Introduction

OpenZL is a framework for building lossless data compressors. It provides a set of primitive codecs that can be composed in a DAG. Additionally, it allows for user-defined control flow to modify the DAG based on the data, at any point in the compression. OpenZL also provides a universal decompressor that can decompress anything produced by the compressor, independent of the compression DAG.

Simple Example

graph LR
    classDef hidden display: none;

    convert((Interpret as uint64));
    selector{Input is sorted?};
    intlz[FieldLZ];
    intlzdelta[FieldLZ];
    delta((Delta));
    input:::hidden --> convert;
    convert --> selector;
    selector -->|No| intlz;
    selector -->|Yes| delta;
    delta --> intlzdelta;

In this example, we are assuming the user input is a serialized array of 64-bit integer data stored in little-endian format.
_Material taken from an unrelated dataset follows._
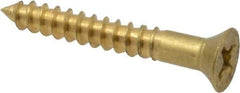 Value Collection - #6, 1" OAL, Phillips Drive, Flat Head Wood Screw - ASME B18.6.1, Brass - Benchmark Tooling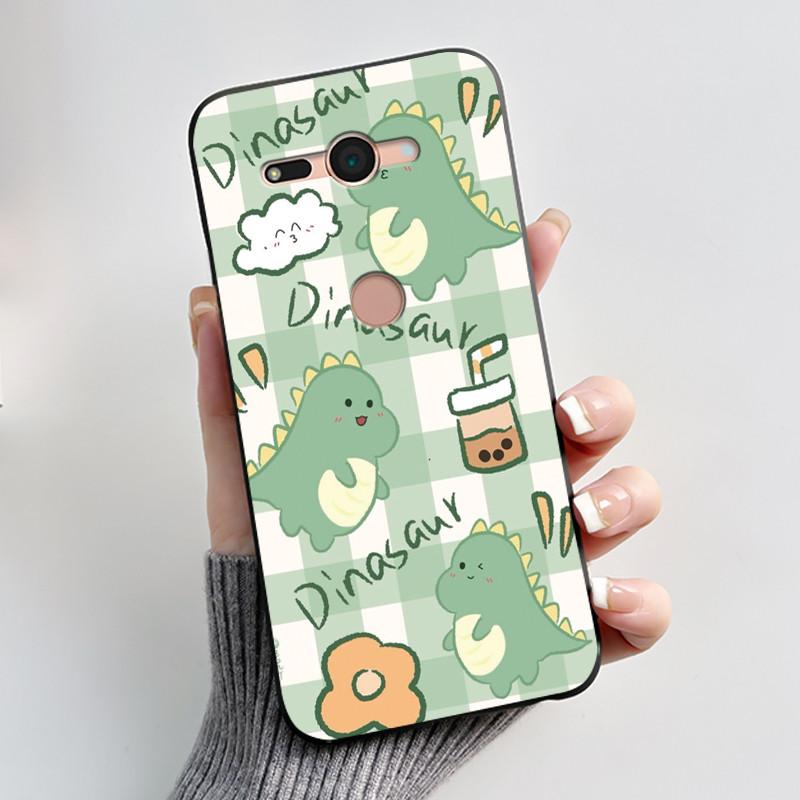 Per Sony Xperia XZ2 Compact H8324 H8314 Custodia Estetica Moda Gatto Carino Cartone Animato Antiurto Nero Silicone Morbido Sottile Cover Posteriore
First, the OpenZL compressor will convert the data from bytes to native uint64 values. Note that compression will fail if the input size is not a multiple of 8 bytes.
Next, the compressor will inspect the integer data and determine whether or not it is sorted.
- If it is not sorted, the data will be passed to the FieldLZ compression graph, which is an LZ engine that specializes in compressing numeric data.
- If it is sorted, the data will be passed to the delta codec, which subtracts the previous value from the current, and then the deltas will be passed to the FieldLZ compression graph.

The data compressed with this compressor can be decoded with the standard OpenZL decoder, which works on any OpenZL compressed data, no matter what compression graph was used to compress it.

Compressing Structured Data

Although OpenZL is a toolkit of components that can be arbitrarily composed into a compression graph, most compressors end up sharing an overall structure:

graph LR
  input["input"] --> Parse["Parse"]
  subgraph s1["Frontend"]
    Parse --> Group["Group"]
  end
  subgraph s2["Backend"]
    Group --> Transform["Transform"]
    Transform --> Compress["Compress"]
  end
  input:::hidden
  classDef hidden display: none

This is because OpenZL's components that are actually good at compressing data—its suite of transforms and compressors—work best on homogenous streams of data. For inputs that aren't already organized that way, those backend components require a frontend to parse and group the input into streams, which the backend can then compress effectively.

OpenZL offers a number of options for accomplishing that organization of your data:

Pre-Built Profiles: Use a profile that has already been built to compress a particular format.
Describe Your Data: The Simple Data Description Language profile lets you describe the format of your input with a simple syntax, which OpenZL uses to split your input into component streams.
Pre-Parsed Data: If the meat of your data can be organized as streams of homogenous content, then you can pass those streams directly into OpenZL, either as independent compressions or as a single multi-input compression.

While the integration complexity is higher, this option may mean you can save the CPU cost of (1) serializing your data and (2) OpenZL more or less reversing that serialization in order to parse the data.
Custom Parser: Otherwise, if the above options don't work, you can write a custom parser to handle your data!